Reuni 212, Antara Politis dan Perlawanan Umat Islam

Eramuslim.com – Reuni 212 itu politis? Jawabnya iya. Mau narasi apapun yang keluar, reuni itu bagian dari sikap politik. Ada hubungannya dengan pilpres? Pasti ada pengaruhnya. Berarti, reuni 212 untuk dukung Paslon tertentu? Tidak! Ini yang perlu diluruskan.

Reuni 212 memang bagian dari perjuangan politik. Tapi, politik moral. Bukan soal dukung mendukung Paslon. Itu terlalu kecil. Meski, kalau disurvei, mayoritas yang hadir di reuni 212 adalah para pemilih Prabowo-Sandi. Lalu, dimana nilai moralnya? Nah, ini baru bermutu diskusinya.

Kata kuncinya “Aksi 212”. Aksi ini punya dua tuntutan. Pertama, menuntut keadilan untuk pribumi dan juga umat Islam. Kedua, menuntut agar tak ada lagi penistaan terhadap agama apapun.

Ahok menista al-Qur’an, sekarang sudah dijatuhi hukuman dan dipenjara. Semoga benar-benar menjalani hukumannya di penjara. Kok ragu? Bukan! Hanya berdoa saja. Masak berdoa gak boleh?
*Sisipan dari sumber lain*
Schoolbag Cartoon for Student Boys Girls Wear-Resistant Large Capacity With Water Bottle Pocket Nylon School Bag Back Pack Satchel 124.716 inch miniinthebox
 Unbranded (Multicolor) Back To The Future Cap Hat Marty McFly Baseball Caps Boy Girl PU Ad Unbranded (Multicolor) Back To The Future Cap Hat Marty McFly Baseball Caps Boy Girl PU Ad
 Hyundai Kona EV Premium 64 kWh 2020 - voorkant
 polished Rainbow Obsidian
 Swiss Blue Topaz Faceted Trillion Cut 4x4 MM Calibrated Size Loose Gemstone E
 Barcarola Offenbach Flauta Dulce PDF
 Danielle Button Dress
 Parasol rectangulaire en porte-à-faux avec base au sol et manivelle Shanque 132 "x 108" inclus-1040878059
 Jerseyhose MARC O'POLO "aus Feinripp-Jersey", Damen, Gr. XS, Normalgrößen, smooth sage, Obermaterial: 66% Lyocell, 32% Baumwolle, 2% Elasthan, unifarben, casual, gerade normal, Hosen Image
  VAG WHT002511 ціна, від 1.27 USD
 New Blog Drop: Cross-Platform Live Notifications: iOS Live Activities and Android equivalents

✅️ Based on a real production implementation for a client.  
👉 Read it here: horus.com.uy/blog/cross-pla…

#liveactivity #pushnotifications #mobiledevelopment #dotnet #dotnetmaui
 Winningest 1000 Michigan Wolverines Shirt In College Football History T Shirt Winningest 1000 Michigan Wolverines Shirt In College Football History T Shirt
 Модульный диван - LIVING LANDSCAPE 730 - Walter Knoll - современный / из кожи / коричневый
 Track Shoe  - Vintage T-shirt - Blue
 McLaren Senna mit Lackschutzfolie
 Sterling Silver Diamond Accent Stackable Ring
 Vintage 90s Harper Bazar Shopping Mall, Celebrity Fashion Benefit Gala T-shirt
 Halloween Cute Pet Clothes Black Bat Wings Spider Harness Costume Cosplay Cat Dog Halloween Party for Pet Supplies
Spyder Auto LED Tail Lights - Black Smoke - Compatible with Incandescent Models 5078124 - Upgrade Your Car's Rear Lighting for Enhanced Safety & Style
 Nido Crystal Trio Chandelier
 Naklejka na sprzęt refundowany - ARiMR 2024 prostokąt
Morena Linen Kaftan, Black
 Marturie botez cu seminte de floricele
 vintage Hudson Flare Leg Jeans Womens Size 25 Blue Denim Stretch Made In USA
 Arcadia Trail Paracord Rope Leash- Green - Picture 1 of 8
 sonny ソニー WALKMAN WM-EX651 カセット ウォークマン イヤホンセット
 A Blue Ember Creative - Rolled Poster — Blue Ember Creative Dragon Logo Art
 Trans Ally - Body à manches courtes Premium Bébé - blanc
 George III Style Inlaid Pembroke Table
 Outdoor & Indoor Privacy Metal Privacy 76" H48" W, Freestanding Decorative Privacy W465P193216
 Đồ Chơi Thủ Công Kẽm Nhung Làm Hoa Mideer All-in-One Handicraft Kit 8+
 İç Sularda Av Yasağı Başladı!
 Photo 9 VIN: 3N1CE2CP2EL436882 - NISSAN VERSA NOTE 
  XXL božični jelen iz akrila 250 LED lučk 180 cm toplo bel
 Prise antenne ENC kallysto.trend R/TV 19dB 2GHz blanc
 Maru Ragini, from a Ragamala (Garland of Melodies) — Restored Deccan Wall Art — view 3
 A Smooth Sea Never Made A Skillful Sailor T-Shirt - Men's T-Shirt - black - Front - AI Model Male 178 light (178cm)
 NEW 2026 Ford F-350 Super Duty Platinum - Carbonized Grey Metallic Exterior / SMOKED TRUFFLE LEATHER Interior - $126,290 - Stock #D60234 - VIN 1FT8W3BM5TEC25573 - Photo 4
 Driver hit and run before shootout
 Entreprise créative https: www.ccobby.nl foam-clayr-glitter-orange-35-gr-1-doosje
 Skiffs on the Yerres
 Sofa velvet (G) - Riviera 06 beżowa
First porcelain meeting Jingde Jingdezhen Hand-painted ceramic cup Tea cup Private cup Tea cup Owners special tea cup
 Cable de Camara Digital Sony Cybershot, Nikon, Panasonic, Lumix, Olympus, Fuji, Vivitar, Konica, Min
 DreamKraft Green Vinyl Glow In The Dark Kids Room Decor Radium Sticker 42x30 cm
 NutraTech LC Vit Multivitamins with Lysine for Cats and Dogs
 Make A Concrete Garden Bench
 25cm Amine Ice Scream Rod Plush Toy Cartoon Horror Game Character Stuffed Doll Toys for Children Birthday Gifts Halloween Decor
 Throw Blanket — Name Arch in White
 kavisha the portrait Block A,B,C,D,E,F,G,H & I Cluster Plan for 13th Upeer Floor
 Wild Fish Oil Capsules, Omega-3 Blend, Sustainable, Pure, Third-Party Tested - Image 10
Setelah Ahok dipenjara, lalu semuanya selesai? Ternyata tidak. Sejumlah aktifis 212 tersandung kasus hukum. Al-Khotthot ditahan di lapas Brimob. Alfian Tanjung divonis bersalah di pengadilan Surabaya. Buniyani, pengunggah video Ahok diganjar 1,5 tahun penjara. Bachtiar Nasir, ketua GNPF MUI saat itu harus berurusan dengan polisi. Sebagian orang menganggap itu kriminalisasi. Entahlah. Yang pasti, aksi 212 berbuntut panjang.